Sussanah has tagged me to say six to eight random things about myself. I am wondering whether this is an altered version of the weirdness meme that I did once before. In the game of whispers this meme has come back to me re-invented.
SO…six to eight things
1. I have lots of Peters/ Petas in my life. My husband, his father (and so on down his lineage for five generations), my sister, my cousin and a close friend all have the name Peter. This is the reason that I always refer to my husband as MY PETE. I do this when I write and in conversation. Our son is not called Peter.
2. I am nine days older than my Pete, but he was born sixteen days late. Isn’t that disgusting – he caused his mohter to be pregnant for nine and a half months.

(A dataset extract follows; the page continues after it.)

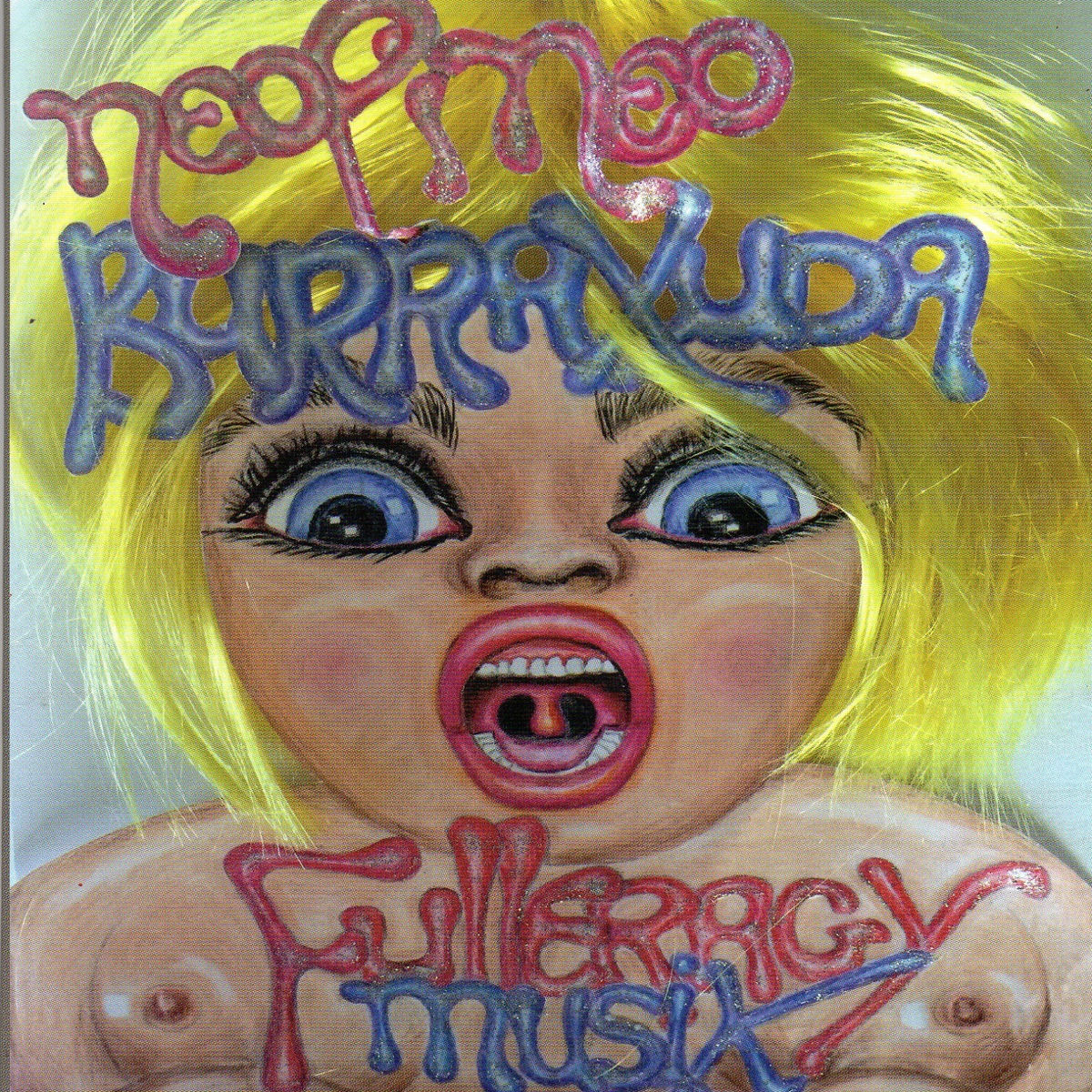 Album cover of Burraxuda Fulleragy Musik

3. I love music. At high school I played the flute and really enjoyed it. I am always humming, singing, listening to something. I hate easy-listening music stations on the radio. It is mediocrity.

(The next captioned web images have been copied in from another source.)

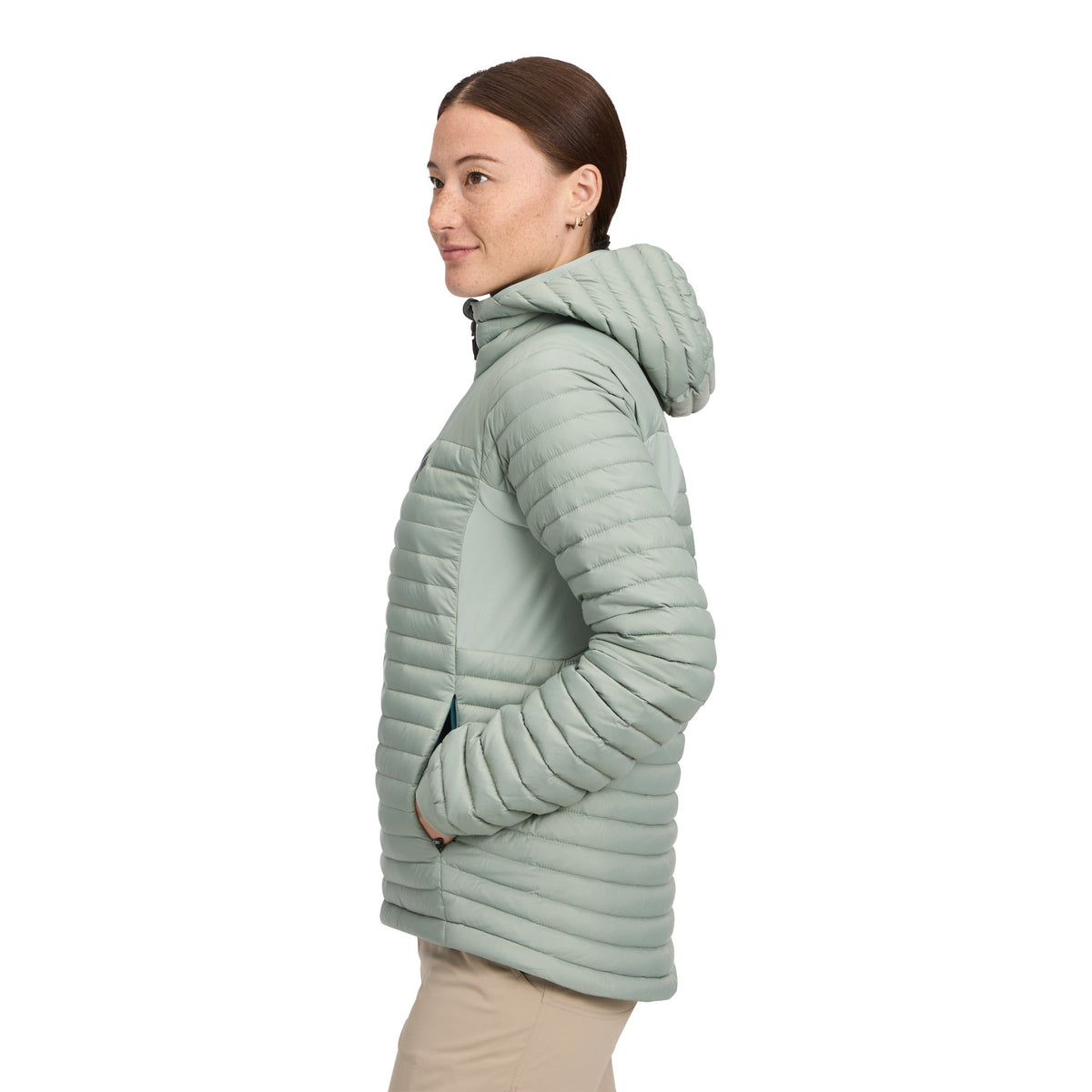 Women's Access Down 1.0 Hoody | Black Diamond Recommended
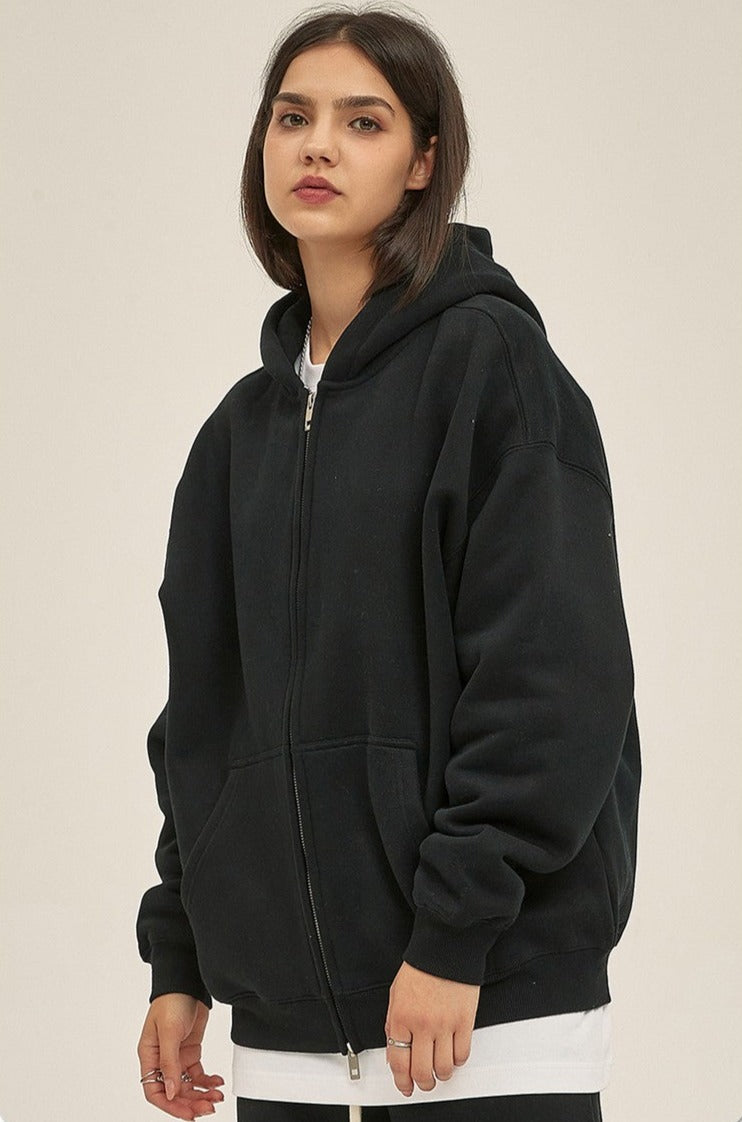 Fleece Zip Up Hoodie - EU Only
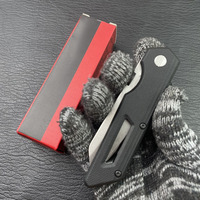 Couteau pliant classique 2050 pour le camping en plein air, acier 8CR13Mov, manche en fibre de nylon, couteau tactique de survie pour hommes, couteau de chasse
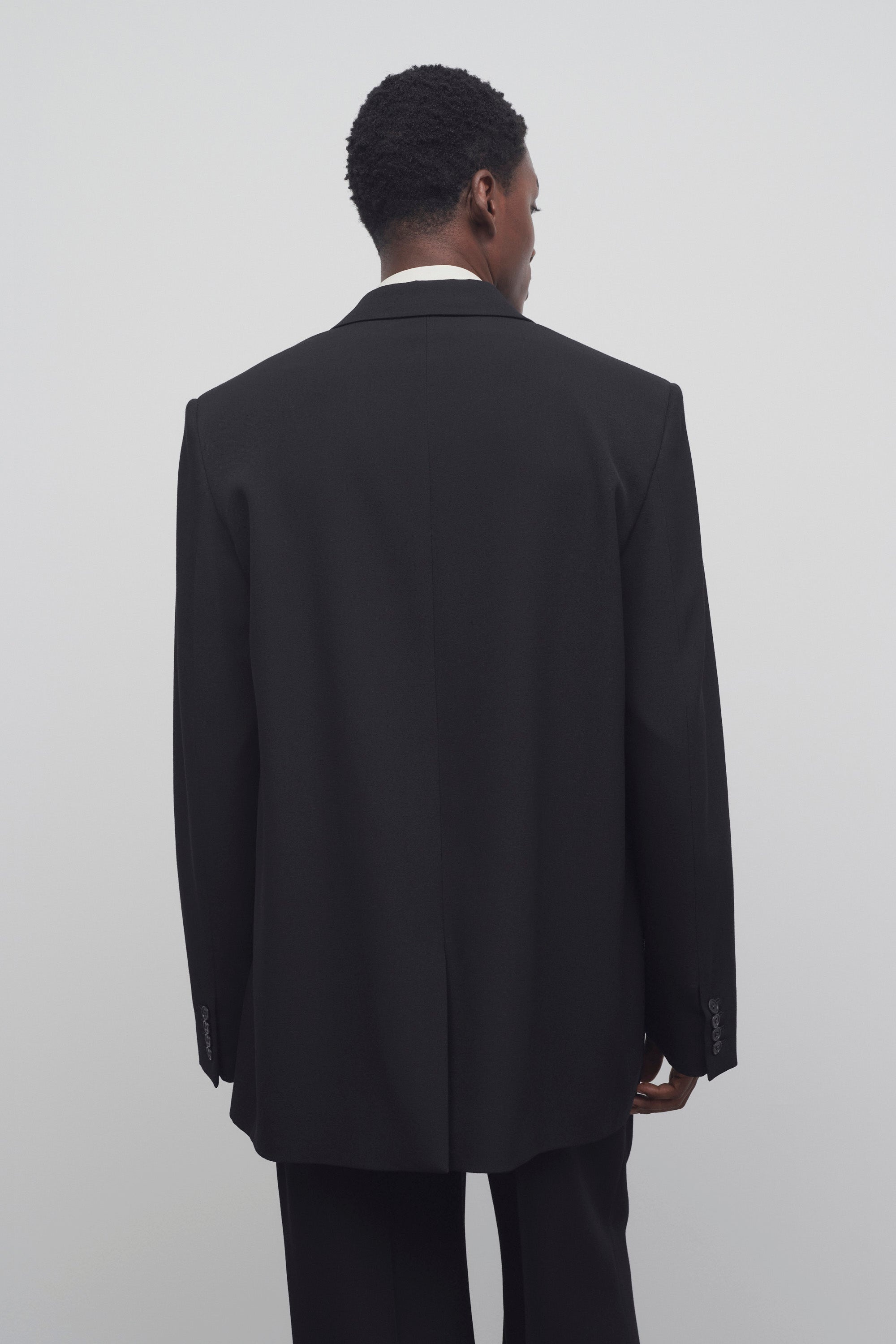 Hendi Jacket in Virgin Wool - 5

4. I hate mediocrity. I am cynical. The populist view is popular because people just believe it without thinking. The most important skill that I hope my children have is the ability to reflect and question.
5. I don’t watch the news. It is full of populist crap. I hope that someone will ring me to let me know if something important is happening – like a cyclone.

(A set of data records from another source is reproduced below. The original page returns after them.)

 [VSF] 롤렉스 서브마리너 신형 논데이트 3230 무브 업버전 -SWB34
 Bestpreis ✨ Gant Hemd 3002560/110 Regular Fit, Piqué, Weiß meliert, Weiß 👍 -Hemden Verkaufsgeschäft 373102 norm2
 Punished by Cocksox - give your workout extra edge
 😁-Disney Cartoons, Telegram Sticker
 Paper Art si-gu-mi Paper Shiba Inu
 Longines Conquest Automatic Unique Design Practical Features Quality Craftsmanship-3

6. I do not understand sport. Who cares who can jump highest, swim fastest, throw furthest, roll around the floor the prettiest etc, etc. Really, who cares?
7. I am a procrastinator. I know that whatever I do will not be good enough so I control my fear of failure by not starting. My impaired logic is that by not beginning failure is inevitable, but I controlled that failure. If I begin and fail, then I really know that I am not good enough. It took me years to work this out about myself. Acknowledging a problem is part way to solving it, but I know that I am blogging right now because I am supposed to be quilting.